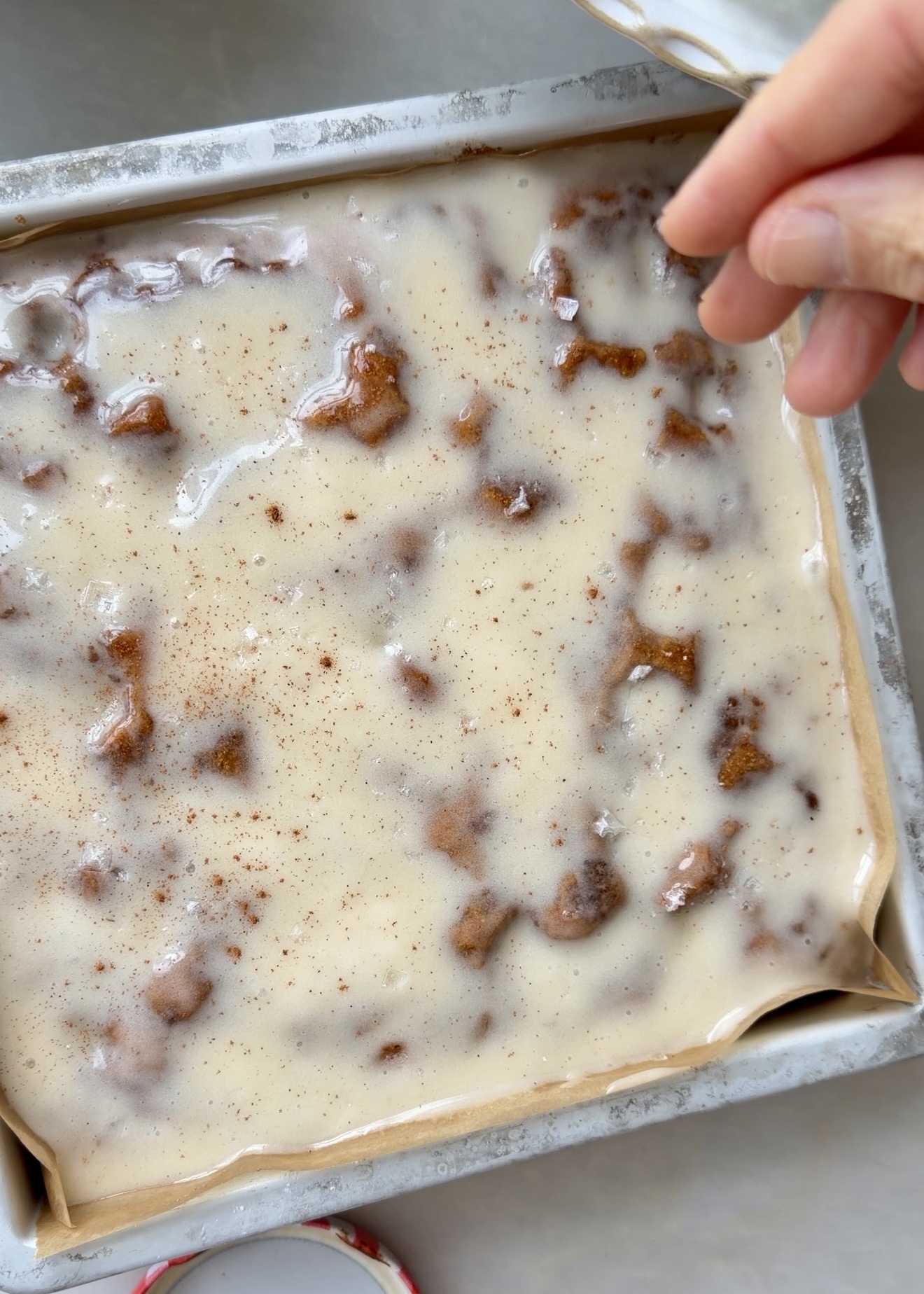 Warm Banana Cornmeal Cinnamon Roll Poke Cake process photo 12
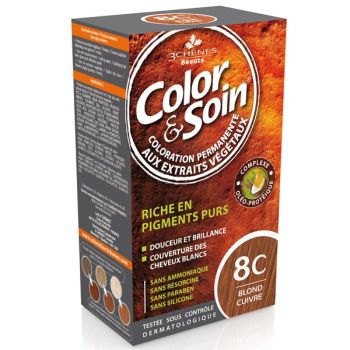 Color & soin coloration permanente Blond cuivr&eacute; 8C Les 3 ch&ecirc;nes - 1 kit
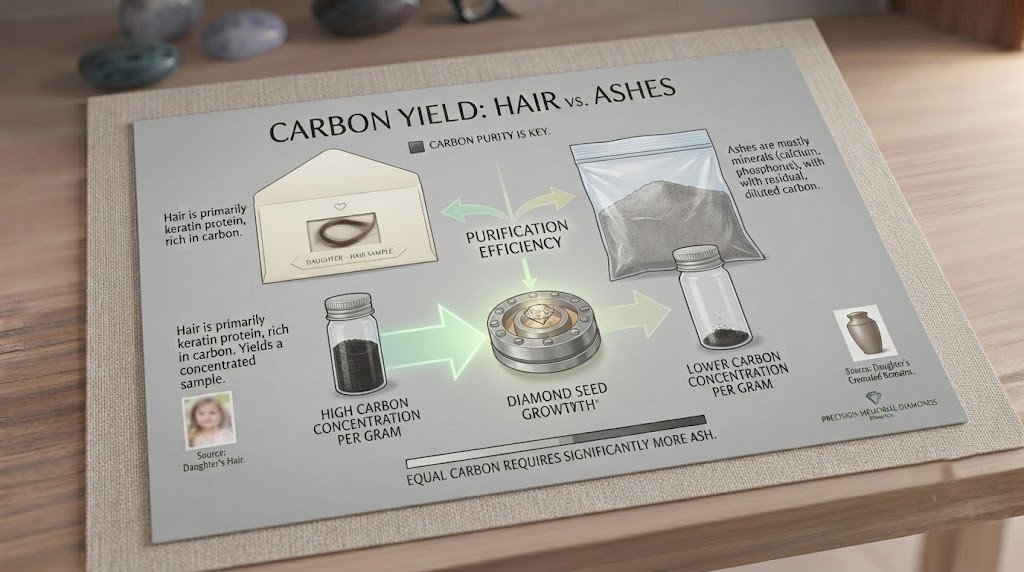 ide-by-side illustration comparing a small hair sample with a larger portion of cremated remains and their carbon content
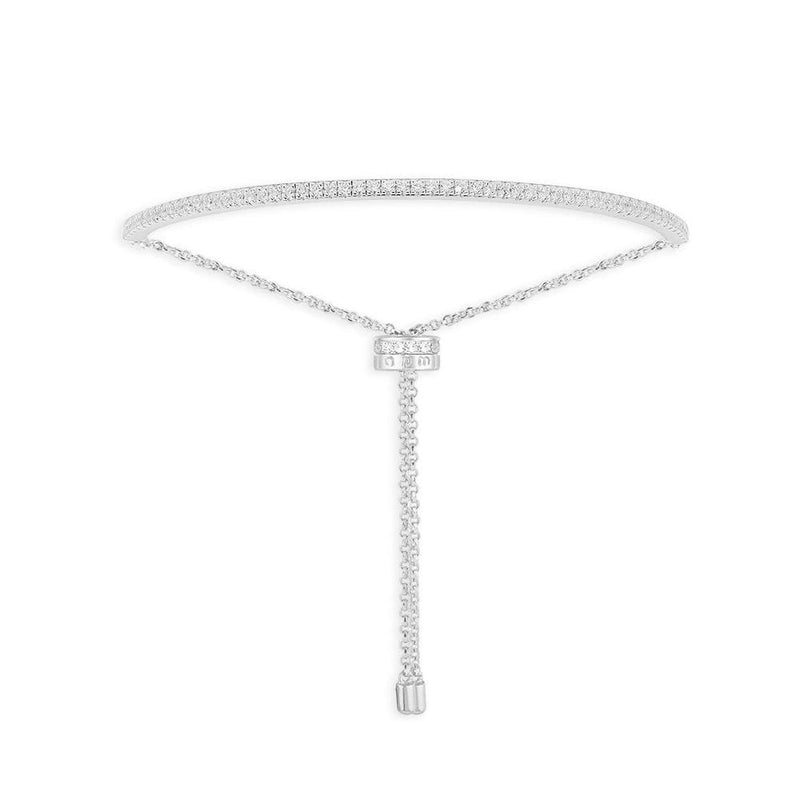 Dainty Paved Adjustable Bracelet - silver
· · · · · · ·
Output all of the data above exactly; no pictures should appear.

 Warm Banana Cornmeal Cinnamon Roll Poke Cake process photo 12
 Color & soin coloration permanente Blond cuivr&eacute; 8C Les 3 ch&ecirc;nes - 1 kit
 ide-by-side illustration comparing a small hair sample with a larger portion of cremated remains and their carbon content
 Dainty Paved Adjustable Bracelet - silver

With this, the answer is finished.